GAAP Gets Easier, now that’s a First! (ASU 2009-13 and ASU 2009-14)
By Sarah Dryden, CPA, Senior Audit Manager
When you go to buy a car, yeah, you’re buying a massive computer system these days, but when it all boils down, you went to purchase a car, that’s why you went to the car lot not to Fry’s. The accounting rules for revenue recognition for sales involving multiple element arrangements, like buying a car with a computer, have recently become a whole lot easier. Many public companies like Apple early adopted these new accounting rules because they allow the company to accelerate the period of recognizing revenues. In Apple’s case, sales of the iPhone and Apple TV, for example, under the new accounting principles resulted in the recognition of almost all of the revenue and product cost for these products when delivered to customers, as opposed to using subscription accounting under historical accounting principles, which required recognition over the estimated products’ life, resulting in deferral of revenue and related cost of sales over longer time periods.

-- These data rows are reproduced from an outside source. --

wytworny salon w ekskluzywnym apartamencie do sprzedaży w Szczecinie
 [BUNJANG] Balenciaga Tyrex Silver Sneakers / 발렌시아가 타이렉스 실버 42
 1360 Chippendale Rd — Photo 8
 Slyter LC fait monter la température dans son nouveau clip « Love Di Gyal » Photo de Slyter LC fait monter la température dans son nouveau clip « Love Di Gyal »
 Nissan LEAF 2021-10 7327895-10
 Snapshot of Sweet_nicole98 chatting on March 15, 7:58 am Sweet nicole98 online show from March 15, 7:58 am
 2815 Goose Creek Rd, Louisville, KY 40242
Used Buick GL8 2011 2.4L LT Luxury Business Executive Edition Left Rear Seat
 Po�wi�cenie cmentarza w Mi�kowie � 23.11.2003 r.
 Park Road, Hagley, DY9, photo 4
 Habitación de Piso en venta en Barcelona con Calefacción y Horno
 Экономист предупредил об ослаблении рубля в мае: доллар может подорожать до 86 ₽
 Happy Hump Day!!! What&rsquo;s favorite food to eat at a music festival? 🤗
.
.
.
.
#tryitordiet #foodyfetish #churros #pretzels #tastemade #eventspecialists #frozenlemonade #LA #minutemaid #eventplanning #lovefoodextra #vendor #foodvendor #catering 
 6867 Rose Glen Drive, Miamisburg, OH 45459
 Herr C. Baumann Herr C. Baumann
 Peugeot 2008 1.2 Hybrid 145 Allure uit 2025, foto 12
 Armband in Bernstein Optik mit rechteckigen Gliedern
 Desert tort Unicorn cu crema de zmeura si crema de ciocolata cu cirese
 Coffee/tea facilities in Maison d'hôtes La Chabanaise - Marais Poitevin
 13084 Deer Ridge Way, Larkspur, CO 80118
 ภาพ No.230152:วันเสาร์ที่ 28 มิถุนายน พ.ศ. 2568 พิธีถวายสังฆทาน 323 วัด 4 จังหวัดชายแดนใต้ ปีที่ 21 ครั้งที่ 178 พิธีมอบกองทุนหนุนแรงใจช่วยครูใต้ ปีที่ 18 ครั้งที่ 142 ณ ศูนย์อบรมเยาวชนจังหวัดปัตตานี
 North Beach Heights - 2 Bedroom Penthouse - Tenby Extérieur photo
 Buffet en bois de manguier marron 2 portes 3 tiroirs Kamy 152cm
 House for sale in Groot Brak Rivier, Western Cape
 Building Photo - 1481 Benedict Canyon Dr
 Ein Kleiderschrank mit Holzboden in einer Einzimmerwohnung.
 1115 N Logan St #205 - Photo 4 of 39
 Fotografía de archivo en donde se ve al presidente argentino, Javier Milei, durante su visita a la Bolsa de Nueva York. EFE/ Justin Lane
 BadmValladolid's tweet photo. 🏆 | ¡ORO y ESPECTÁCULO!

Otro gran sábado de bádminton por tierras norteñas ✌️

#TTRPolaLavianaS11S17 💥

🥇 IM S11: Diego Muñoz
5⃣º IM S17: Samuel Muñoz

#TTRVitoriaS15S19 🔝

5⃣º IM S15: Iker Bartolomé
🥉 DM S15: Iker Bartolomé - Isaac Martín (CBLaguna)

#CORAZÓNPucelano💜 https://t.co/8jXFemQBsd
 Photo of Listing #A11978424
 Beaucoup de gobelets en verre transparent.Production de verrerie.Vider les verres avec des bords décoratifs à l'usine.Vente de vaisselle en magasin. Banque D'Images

I heard on the radio the other day that one of the professions with 0% unemployment is actuarial science. It’s no wonder that many of our accounting rules keep the actuaries fully employed because the science of the old rules does not mirror the economic effect of the transaction. It is my opinion that the new multiple deliverable rules more accurately reflect the substance of the transaction instead of a conjured up, complicated accounting rule – when I recently purchased my new iPhone, I didn’t think of myself as purchasing unspecified software upgrades and free software upgrade that previously threw Apple into complicated and unnecessary software accounting rules practically requiring the use of an actuary!
Here’s a summary of the new rules under ASU 2009-13, Multiple Deliverable Revenue Arrangements and ASU 2009-14, Certain Arrangements that include software elements, which provide for a more economic approach to accounting for arrangements with multiple deliverables and tangible products containing software components:
- Allocation of arrangement based on relative selling price and hierarchy of evidence for selling price based on the following:
- Vendor-specific objective evidence (“VSOE”)
- Third party evidence (“TPE”)
- Vendor’s best estimate of selling price (“BESP”)
- Vendors determine a deliverable’s estimated selling price
- Relative selling price method used is required in all cases to allocate the arrangement consideration; the residual method is no longer acceptable
- Additional disclosures are required
- Modified scope of software revenue recognition accounting such that:
- More revenue arrangements fall within the scope of the revenue new standards.
- Tangible products containing software elements and non-software elements that function together to deliver the tangible product’s essential functionality is now excluded from the software revenue recognition rules.
This literature was effective for new or materially modified contracts entered into after June 15, 2010, with an option to early adopt as of the beginning of any fiscal year prior to that for which annual financial statements have not been issued. Both pieces of literature must be adopted simultaneously and may be applied either prospectively or retrospectively.